Sembra di essere tornati, dunque, all'epoca delle sette sorelle, le grandi che hanno spinto nel 1999 verso il passaggio alla contrattazione individuale dei diritti tv: da allora e fino alla legge Melandri, infatti, ogni squadra trattava separatamente i diritti di trasmissione delle proprie gare interne. O ancora alla divisione del maggio 2003 fra le undici “medio piccole” riunite nel Plus Media Trading e le grandi forze del campionato da cui nacque di Gioco Calcio, la sgangherata pay tv partecipata dalla Lega che illuse sei squadre di A promettendo complessivamente 54 milioni che però non arrivano mai. I club saranno costretti, gli ultimi cederanno a marzo del 2004, ad accordarsi con Sky per cifre più basse. E non è escluso che la Lega, dopo l'esperienza di Serie A tv che trasmette in streaming via mobile tre partite a settimana, possa replicare l'esperienza con un partner finanziario più affidabile per il triennio 2018-2021.
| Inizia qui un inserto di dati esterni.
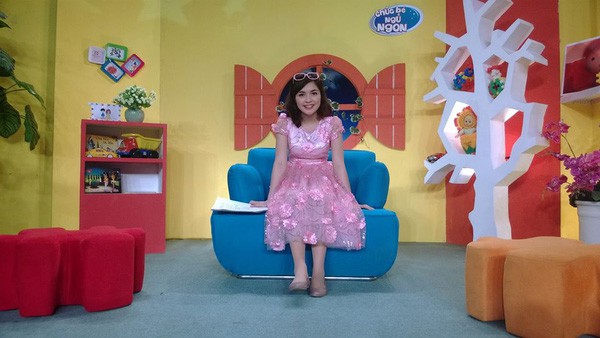 Chân dung chị gái Hòa Minzy: Xinh đẹp, tài năng, nổi tiếng trước em gái từ rất lâu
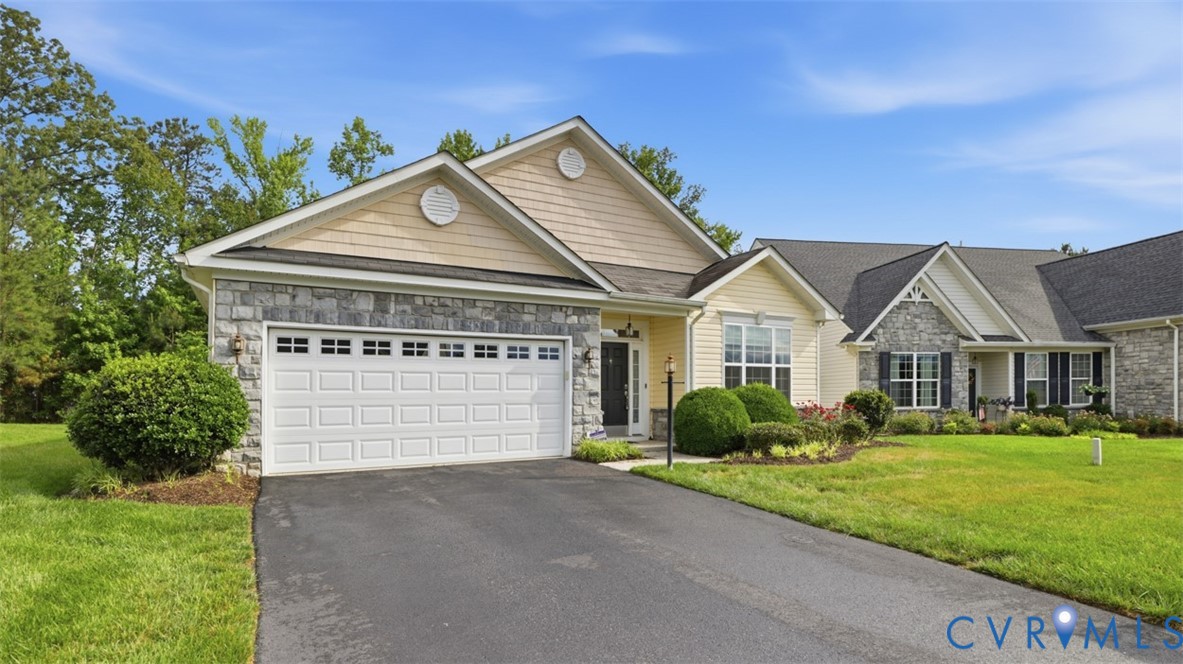 8348 East Lord Botetourt Loop New Kent, VA 23124 - Photo 3 of 54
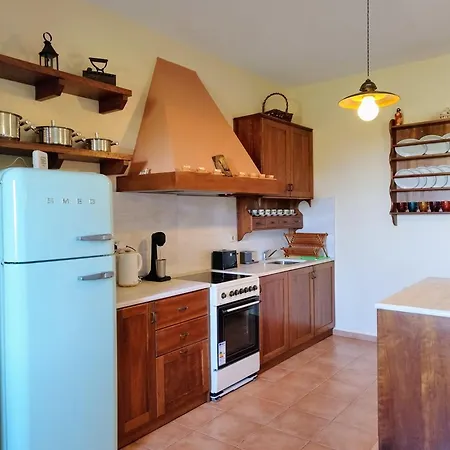 Leni * Achladies (Skiathos)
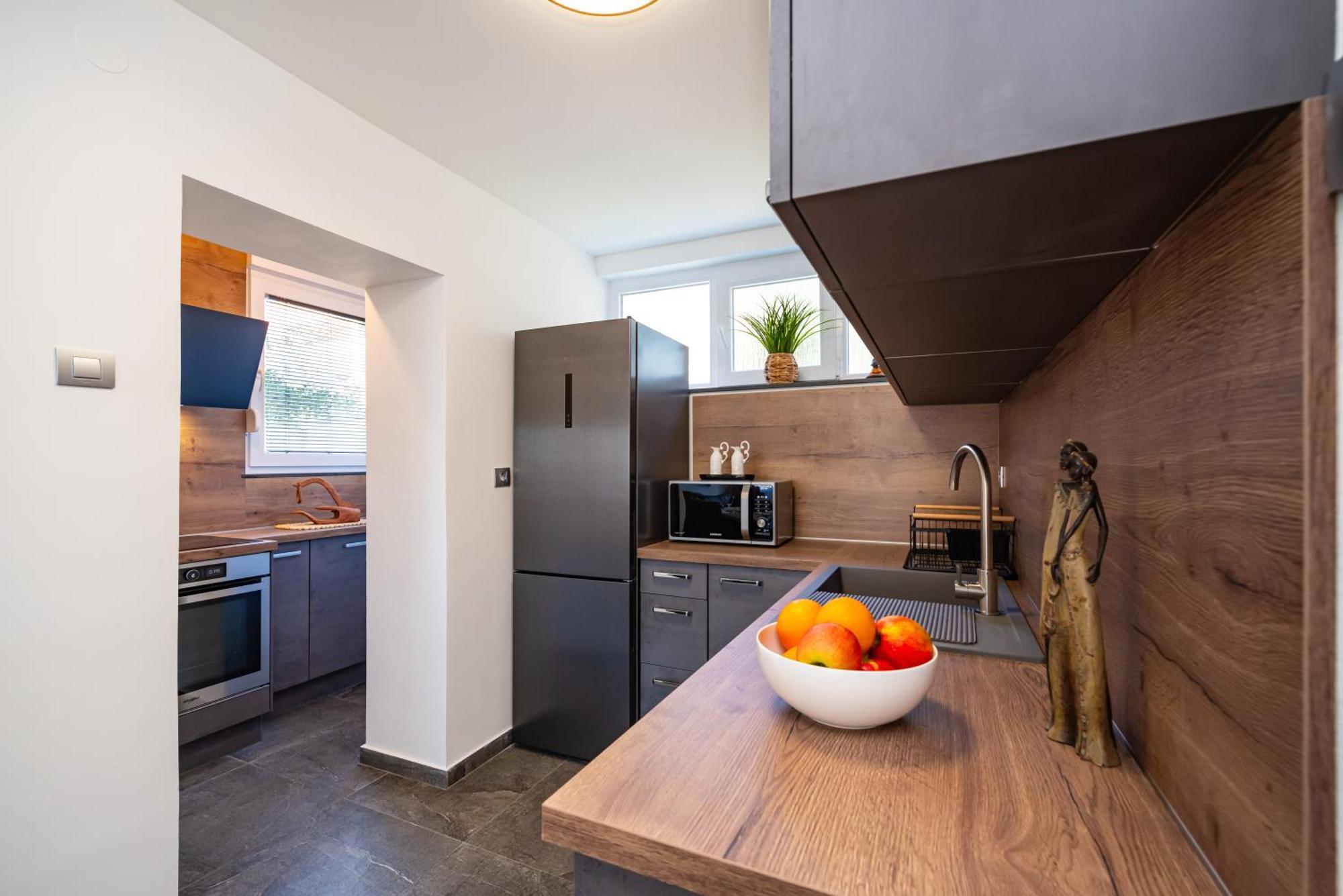 Kolovare Garden Oasis - First Row By Sea Apartment Zadar Bagian luar foto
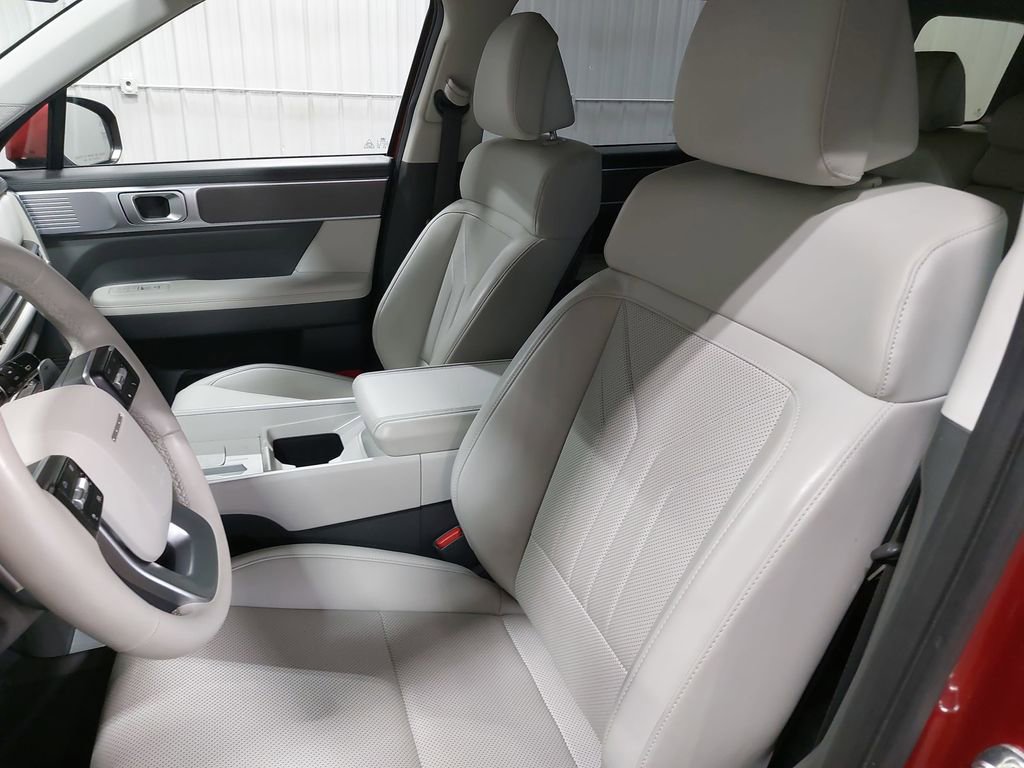 Certified 2025 Hyundai Santa Fe SEL image 16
Asta 2018-2021: scenari sempre più incerti

Lo scenario futuro, infatti, è quanto mai fumoso. La Lega e Infront sperano di portare il totale lordo a 1,4 miliardi, cercando soprattutto di potenziare la raccolta estera: in quest'ottica rientra la proposta di spezzettare ogni giornata con dieci fasce per dieci partite. Ma il disimpegno sempre più probabile di Mediaset, che potrebbe anche cedere a Sky i diritti della Champions, apre a nuove possibilità e nuovi soggetti come Discovery, che potrebbe entrare nella partita per la Serie A, o La 7 interessata alla Coppa Italia in caso la Rai dovesse fare un passo indietro.

I tifosi, dunque, dovranno cominciare ad abituarsi anche al derby di Milano all'ora di pranzo. E Sarri dovrà cedere all'unico colore che non conosce sconfitta nel calcio italiano e moderno, il colore dei soldi.